Depuis que j'ai lu l'essai de Martin Page sur le véganisme, Les animaux ne sont pas comestibles, vlan, j'ai arrêté toute consommation de viande. J'en fus, il faut le reconnaître, le premier surpris. Sans être un vorace mangeur de steak, je n'avais aucune prédisposition à devenir cet homme sans viande, cet animal étrange qui se refuse à consommer un quelconque morceau de veau, de bœuf ou d'agneau, cet être qui passe devant le rayon boucherie sans jamais jeter un coup d’œil sur la dernière promotion.
Je n'avais aucune fierté à manger de la viande, aucun dégoût non plus, je considérais l'acte d'en consommer comme une habitude irréfléchie, atavique, primitive, séculière, ancrée dans l'espèce humaine depuis si longtemps que je ne voyais aucune raison d'y déroger.
Je m'assumais comme carnivore, sans trompettes ni arrogance, simple quidam habitué à manger de la viande depuis sa tendre enfance, vaguement conscient que j'usais de mon pouvoir de domination sur l'animal pour assouvir un besoin considéré alors comme indispensable à mon organisme, sans pour autant que cette culpabilité latente ne m'amène à changer mes habitudes.
J'étais un carnivore passif.
Pourtant plus d'une fois, malmené par un reportage sur l’abattage industriel ou alerté sur la souffrance ressentie par l'animal au moment de sa mise à mort, j'avais songé à cesser d'en manger: c'était alors une de ces vagues et fugitives idées qui traversent parfois l'esprit, une simple lubie, une pensée éphémère sans réelle consistance qui se heurtait à la force de l'habitude. Un peu comme ces résolutions du Nouvel An qui durent le temps d'un instant ou d'une semaine avant d'être remises à plus tard, toujours à plus tard, et demeurent au final lettre morte.
La lecture du livre de Martin Page a tout fracassé.

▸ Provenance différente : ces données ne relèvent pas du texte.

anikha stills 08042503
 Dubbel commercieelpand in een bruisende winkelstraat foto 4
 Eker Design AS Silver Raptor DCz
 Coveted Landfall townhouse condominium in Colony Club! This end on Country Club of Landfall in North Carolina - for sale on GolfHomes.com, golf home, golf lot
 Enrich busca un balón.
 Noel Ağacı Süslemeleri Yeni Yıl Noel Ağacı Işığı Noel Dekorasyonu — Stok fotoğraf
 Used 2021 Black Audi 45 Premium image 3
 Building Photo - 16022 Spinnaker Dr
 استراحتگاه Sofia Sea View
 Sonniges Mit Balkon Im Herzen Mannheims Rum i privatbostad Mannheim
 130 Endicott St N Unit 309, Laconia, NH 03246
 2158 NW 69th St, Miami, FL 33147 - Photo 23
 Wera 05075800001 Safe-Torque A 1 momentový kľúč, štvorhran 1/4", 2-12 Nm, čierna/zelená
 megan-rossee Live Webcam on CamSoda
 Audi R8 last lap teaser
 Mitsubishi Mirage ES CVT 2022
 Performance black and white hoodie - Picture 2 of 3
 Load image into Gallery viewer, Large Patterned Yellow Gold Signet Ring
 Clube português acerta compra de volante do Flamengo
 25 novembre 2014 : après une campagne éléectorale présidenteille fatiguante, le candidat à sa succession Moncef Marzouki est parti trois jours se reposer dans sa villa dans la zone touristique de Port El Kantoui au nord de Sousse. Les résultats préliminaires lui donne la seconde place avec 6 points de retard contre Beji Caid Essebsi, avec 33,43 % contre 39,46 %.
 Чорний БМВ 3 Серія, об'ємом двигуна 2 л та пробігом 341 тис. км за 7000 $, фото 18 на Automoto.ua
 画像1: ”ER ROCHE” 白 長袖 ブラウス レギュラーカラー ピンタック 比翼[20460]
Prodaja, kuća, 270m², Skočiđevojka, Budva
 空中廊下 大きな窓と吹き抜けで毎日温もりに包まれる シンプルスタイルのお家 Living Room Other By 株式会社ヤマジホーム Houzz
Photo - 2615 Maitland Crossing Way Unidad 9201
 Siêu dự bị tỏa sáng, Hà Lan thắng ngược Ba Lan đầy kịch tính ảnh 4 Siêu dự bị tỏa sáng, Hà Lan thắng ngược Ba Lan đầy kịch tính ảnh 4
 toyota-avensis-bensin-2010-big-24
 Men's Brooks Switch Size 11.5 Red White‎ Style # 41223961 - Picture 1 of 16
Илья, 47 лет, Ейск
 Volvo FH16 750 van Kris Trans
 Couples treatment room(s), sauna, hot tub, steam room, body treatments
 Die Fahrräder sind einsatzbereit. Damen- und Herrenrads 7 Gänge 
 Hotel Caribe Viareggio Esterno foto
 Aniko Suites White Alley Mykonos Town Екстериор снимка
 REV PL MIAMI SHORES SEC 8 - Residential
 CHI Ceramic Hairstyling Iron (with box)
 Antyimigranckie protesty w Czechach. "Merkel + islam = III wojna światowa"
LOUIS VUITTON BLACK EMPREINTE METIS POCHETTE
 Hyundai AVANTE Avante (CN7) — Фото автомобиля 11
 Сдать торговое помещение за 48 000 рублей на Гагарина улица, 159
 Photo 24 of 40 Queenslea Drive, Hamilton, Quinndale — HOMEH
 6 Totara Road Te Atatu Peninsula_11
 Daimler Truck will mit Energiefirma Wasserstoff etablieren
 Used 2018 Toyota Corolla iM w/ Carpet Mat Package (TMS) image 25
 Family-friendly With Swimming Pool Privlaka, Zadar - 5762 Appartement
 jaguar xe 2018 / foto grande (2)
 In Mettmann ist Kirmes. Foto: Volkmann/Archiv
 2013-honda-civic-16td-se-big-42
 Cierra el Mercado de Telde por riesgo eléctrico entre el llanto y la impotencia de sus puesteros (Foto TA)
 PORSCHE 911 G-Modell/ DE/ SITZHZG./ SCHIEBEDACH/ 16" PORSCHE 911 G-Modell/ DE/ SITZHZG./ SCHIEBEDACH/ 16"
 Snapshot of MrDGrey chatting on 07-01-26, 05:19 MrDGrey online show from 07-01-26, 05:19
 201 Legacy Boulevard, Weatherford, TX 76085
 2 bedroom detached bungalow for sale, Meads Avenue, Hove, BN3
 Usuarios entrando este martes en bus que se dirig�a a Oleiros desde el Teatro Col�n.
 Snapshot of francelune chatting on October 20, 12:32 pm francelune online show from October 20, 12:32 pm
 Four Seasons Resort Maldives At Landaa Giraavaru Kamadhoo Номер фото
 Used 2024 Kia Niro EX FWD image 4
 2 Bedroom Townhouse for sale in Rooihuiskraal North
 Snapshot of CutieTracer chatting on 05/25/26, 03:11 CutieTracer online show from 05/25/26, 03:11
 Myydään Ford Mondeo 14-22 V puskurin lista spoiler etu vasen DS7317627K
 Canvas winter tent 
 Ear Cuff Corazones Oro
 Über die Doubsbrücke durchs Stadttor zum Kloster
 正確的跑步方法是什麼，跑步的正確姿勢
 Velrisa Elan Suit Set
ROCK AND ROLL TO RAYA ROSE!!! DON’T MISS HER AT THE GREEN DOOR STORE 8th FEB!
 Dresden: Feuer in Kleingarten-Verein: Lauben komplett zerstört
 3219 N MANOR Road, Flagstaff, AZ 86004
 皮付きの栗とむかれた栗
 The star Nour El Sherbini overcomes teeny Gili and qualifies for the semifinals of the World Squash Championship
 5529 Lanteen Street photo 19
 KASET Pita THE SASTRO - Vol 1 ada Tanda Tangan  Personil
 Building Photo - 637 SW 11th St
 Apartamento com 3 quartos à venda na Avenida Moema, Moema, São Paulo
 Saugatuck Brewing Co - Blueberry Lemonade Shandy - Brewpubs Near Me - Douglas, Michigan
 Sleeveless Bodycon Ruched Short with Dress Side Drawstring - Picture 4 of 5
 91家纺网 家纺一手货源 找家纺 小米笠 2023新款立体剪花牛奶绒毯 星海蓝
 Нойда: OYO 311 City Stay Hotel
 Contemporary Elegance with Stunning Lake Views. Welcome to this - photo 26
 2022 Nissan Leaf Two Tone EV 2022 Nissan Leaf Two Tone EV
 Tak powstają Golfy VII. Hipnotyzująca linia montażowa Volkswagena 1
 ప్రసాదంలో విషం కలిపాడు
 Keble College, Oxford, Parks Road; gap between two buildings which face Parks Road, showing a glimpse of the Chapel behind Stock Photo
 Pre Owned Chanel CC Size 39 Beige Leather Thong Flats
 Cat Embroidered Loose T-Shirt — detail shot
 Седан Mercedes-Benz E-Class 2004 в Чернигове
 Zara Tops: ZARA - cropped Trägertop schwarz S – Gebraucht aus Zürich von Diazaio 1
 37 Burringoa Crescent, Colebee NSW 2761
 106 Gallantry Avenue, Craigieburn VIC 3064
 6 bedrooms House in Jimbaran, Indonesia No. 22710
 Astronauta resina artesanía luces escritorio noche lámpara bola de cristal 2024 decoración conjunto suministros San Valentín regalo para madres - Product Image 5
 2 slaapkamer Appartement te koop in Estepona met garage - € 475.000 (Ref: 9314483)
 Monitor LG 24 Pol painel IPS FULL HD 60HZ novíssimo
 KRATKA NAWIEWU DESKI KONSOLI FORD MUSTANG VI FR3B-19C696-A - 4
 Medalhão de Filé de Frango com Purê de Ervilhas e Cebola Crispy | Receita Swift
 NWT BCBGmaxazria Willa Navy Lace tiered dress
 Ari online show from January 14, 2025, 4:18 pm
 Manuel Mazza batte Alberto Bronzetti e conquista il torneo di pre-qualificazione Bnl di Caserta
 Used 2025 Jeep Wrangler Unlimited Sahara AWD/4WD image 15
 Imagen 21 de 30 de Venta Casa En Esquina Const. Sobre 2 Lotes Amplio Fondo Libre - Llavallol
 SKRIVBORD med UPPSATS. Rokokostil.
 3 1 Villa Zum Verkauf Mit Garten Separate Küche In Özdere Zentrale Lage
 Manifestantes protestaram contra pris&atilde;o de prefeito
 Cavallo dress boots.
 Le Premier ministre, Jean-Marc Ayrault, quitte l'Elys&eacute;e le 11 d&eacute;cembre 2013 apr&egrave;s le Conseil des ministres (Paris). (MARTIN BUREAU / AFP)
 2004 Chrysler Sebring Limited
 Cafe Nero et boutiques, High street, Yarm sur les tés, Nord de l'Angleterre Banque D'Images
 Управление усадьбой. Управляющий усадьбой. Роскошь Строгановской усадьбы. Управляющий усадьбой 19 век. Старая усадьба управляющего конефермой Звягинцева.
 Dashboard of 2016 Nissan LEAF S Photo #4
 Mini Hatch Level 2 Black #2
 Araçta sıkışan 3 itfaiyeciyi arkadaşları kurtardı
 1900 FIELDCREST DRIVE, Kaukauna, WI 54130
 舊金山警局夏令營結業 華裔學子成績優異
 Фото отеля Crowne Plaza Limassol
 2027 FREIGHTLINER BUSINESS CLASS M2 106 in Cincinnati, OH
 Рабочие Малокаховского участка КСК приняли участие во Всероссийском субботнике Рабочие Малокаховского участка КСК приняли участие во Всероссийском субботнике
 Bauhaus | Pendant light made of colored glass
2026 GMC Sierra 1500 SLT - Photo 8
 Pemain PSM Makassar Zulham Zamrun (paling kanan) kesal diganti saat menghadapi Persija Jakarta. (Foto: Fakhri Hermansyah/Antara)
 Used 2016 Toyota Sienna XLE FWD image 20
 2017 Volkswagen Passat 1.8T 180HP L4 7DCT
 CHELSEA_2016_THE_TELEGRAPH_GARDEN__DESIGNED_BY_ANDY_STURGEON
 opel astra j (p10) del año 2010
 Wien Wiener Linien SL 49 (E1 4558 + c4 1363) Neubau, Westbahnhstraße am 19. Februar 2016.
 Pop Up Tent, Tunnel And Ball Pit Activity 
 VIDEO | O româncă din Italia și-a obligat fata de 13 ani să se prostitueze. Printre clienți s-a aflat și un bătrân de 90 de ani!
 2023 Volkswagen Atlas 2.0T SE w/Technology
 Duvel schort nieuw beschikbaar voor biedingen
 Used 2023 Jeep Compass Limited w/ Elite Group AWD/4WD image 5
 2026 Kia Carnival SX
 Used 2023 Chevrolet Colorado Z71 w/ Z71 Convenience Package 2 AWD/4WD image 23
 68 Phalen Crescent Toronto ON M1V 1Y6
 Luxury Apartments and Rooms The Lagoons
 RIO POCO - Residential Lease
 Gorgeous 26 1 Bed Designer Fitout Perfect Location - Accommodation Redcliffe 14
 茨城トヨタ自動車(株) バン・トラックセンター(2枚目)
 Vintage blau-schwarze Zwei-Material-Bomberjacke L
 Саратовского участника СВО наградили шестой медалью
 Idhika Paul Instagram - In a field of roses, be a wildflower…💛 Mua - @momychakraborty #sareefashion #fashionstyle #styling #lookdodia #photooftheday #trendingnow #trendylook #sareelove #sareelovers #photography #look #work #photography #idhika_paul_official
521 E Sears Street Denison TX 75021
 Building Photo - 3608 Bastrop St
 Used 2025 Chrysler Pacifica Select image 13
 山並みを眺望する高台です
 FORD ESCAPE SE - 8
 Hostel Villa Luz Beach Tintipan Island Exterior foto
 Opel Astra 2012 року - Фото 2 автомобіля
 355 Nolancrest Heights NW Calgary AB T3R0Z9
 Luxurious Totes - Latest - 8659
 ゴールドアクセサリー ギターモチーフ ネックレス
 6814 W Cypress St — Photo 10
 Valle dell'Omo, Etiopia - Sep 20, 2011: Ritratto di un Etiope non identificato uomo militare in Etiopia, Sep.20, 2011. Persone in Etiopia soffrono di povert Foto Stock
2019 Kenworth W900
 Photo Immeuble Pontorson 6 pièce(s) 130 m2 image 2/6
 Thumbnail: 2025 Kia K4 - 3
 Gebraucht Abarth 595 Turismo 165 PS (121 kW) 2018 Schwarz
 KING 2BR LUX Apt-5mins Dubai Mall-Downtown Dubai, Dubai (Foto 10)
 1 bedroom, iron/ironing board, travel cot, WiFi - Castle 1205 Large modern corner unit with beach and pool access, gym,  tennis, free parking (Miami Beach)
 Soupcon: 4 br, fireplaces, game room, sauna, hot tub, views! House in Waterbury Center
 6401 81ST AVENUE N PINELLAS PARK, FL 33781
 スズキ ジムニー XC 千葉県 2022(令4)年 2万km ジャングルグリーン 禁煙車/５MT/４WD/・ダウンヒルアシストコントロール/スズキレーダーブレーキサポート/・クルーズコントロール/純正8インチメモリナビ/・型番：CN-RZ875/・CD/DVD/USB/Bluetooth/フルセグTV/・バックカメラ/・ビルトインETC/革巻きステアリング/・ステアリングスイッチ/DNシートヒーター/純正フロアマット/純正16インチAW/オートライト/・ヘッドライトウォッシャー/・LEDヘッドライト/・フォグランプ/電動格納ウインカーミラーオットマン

J'ai soudain réalisé que je vivais dans le déni, que sous le prétexte de perpétuer des habitudes millénaires, j'en étais arrivé à adopter un comportement qui, appliqué à tout autre domaine de mon existence, m'aurait dégoûté; cette paresse de l'esprit qui me commandait d'acheter de la viande, cette mollesse de l'âme, cette irrésolution du caractère m'étaient devenues insupportables.
Puisque je reconnaissais l'animal comme un être sensible, doué de sentiments, capable d'empathie, je n'avais aucune raison de continuer à en consommer ou alors je me résignais à être un parfait salaud qui, sous couvert de raisonnements fallacieux, entretient des comportements en tout point contraire à sa morale personnelle.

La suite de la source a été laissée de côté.